» **What to do**: Please copy exactly the part of the records below that opens with the line containing "Personalized Print Custom" and closes with the line containing "Mit starker Gestik", leaving out any pictures.

» **Information**:

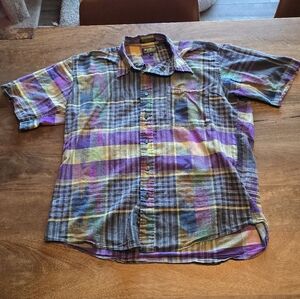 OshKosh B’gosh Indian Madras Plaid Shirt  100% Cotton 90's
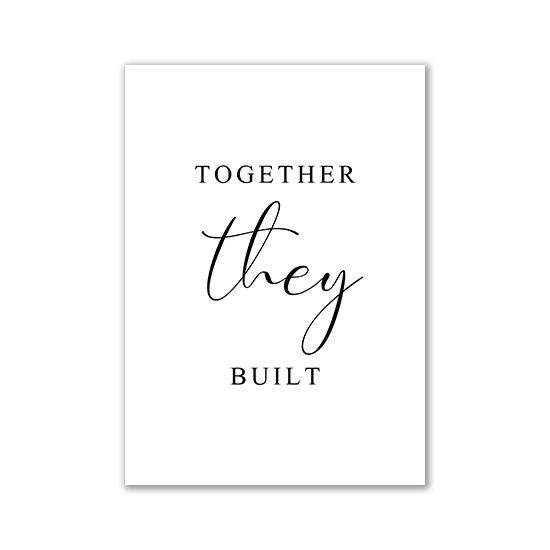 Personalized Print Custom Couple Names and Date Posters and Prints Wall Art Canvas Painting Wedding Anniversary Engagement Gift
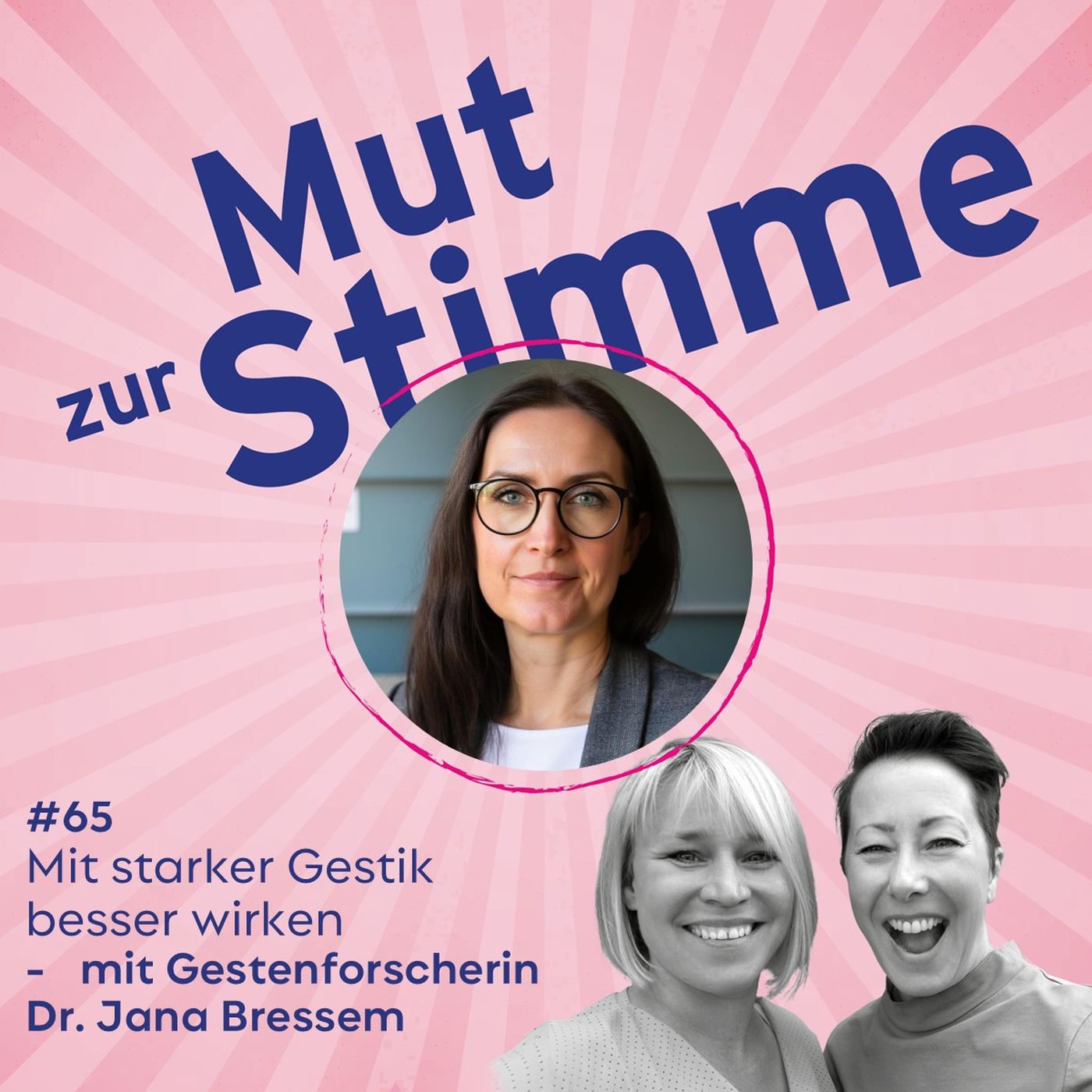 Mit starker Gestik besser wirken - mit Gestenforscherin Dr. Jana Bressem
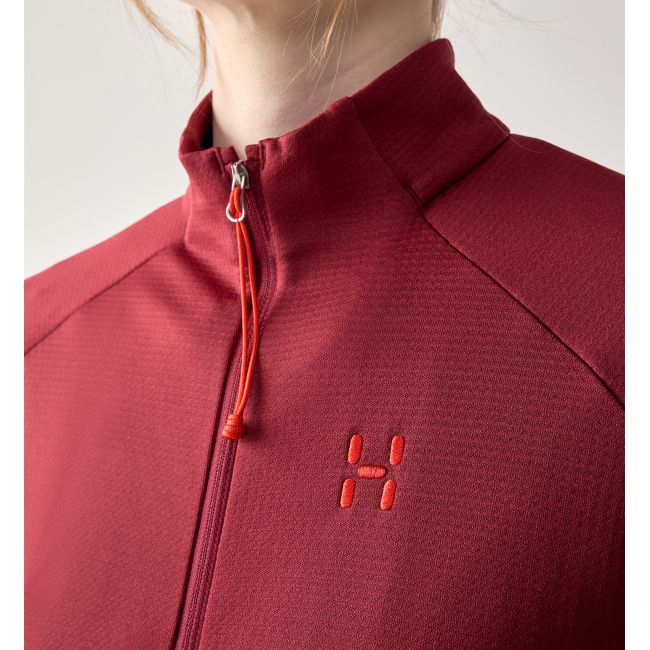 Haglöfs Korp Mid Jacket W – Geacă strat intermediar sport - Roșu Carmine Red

---

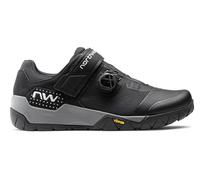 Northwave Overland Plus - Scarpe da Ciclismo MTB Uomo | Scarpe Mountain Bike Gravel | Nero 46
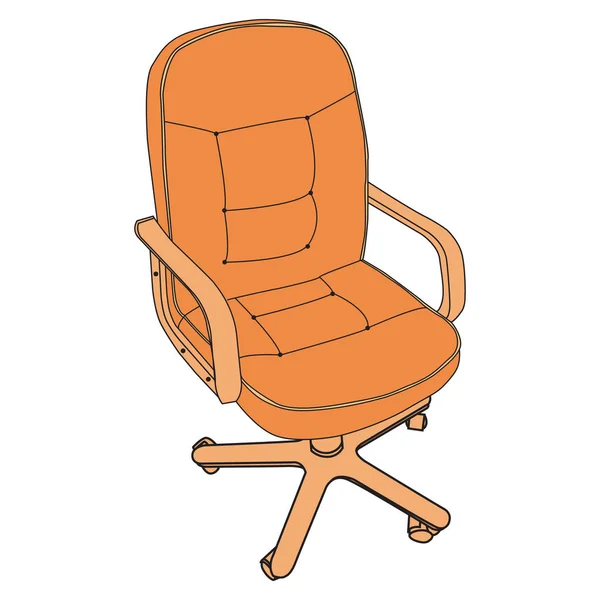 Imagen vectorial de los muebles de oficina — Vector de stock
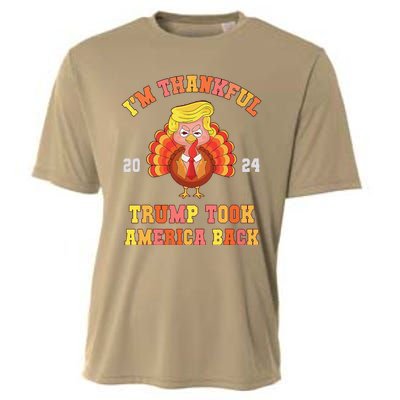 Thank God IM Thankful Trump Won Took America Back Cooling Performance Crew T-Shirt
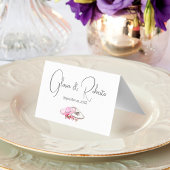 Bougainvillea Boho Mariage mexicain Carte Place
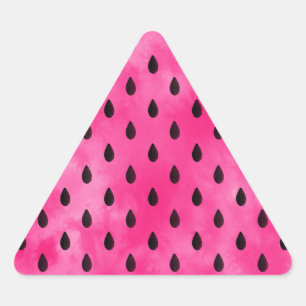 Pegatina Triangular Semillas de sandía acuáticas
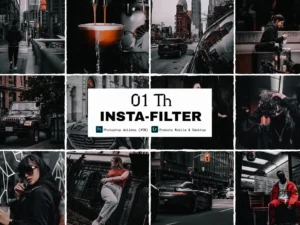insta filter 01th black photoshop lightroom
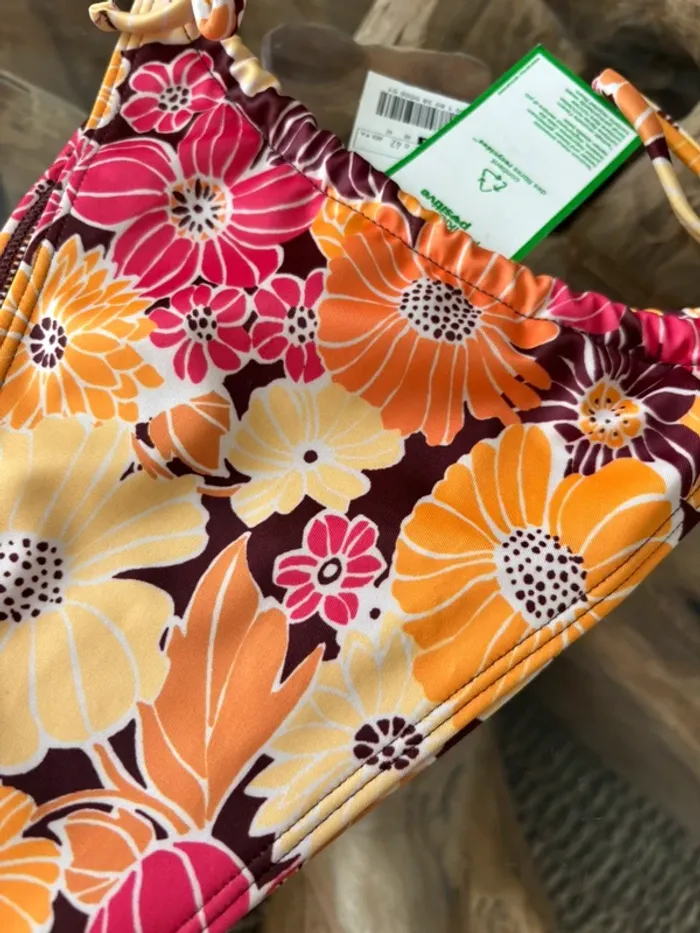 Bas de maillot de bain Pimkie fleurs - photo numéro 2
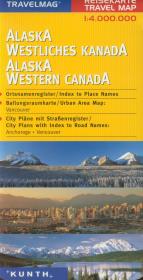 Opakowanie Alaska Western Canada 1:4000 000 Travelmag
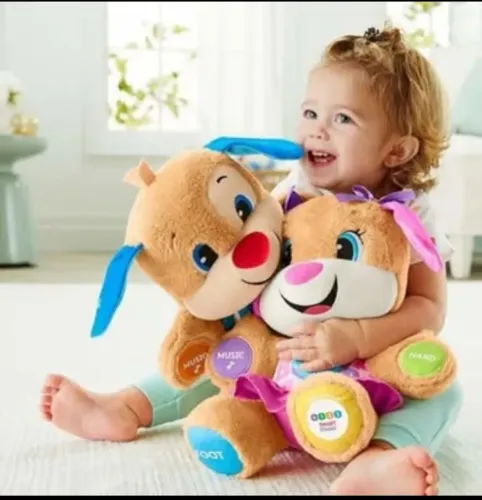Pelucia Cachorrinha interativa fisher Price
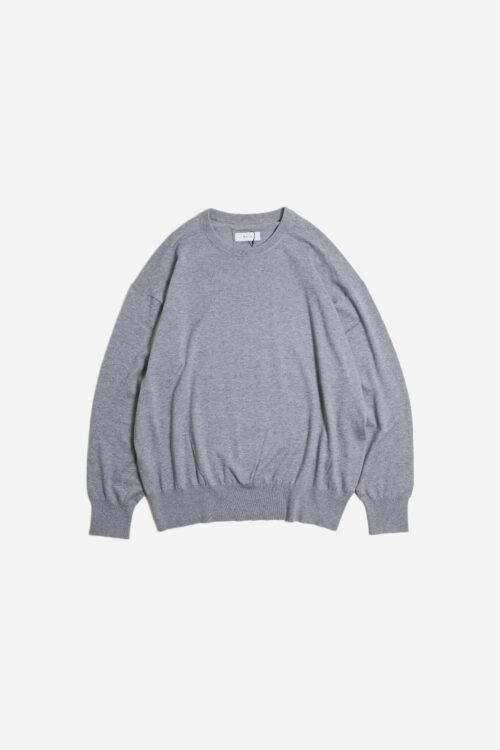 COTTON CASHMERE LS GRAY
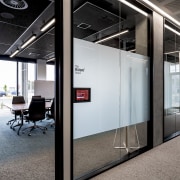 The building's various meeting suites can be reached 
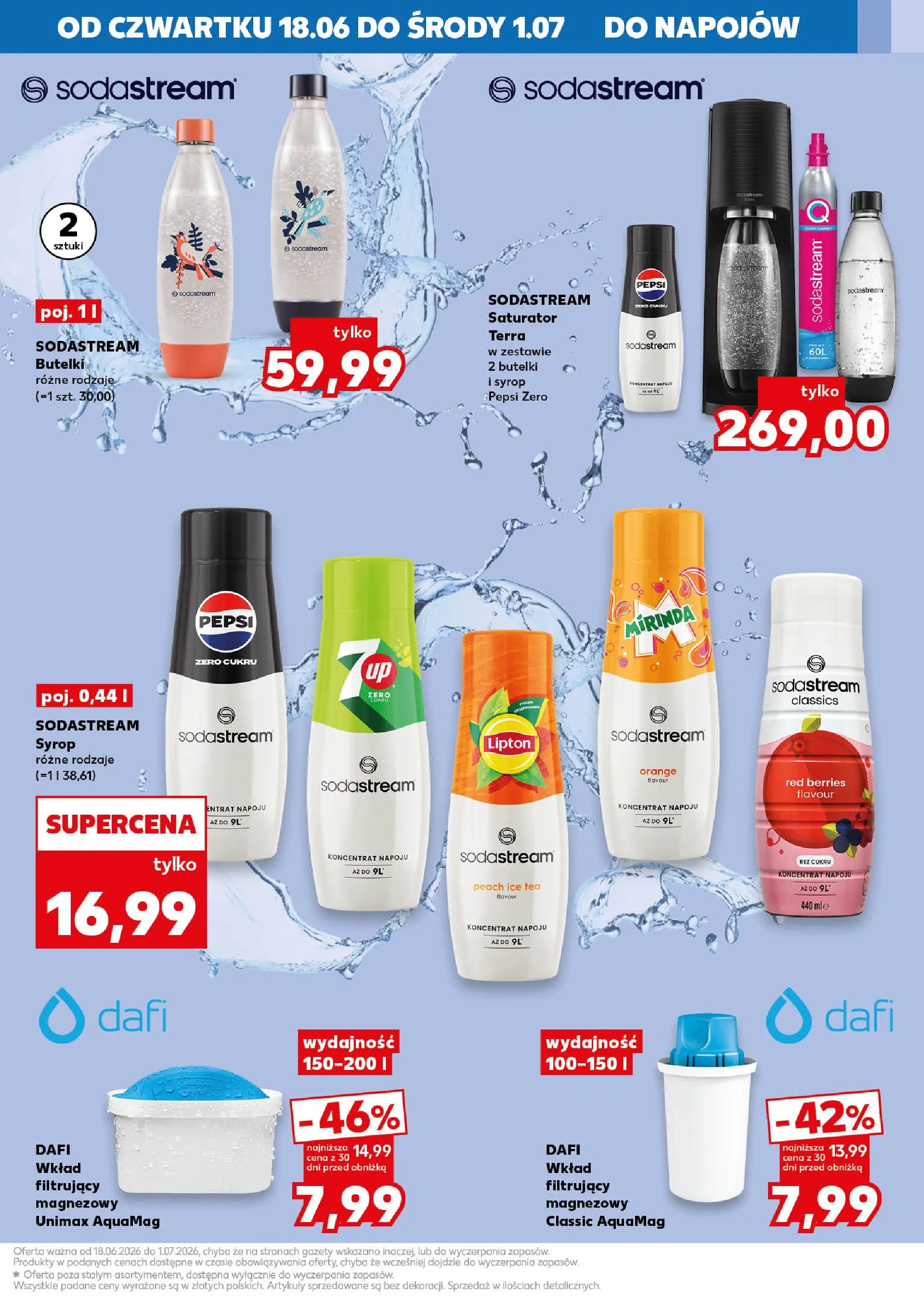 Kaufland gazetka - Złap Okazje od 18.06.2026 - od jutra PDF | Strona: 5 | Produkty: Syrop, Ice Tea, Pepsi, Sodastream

» **Task output**:
 Personalized Print Custom Couple Names and Date Posters and Prints Wall Art Canvas Painting Wedding Anniversary Engagement Gift
 Mit starker Gestik besser wirken - mit Gestenforscherin Dr. Jana Bressem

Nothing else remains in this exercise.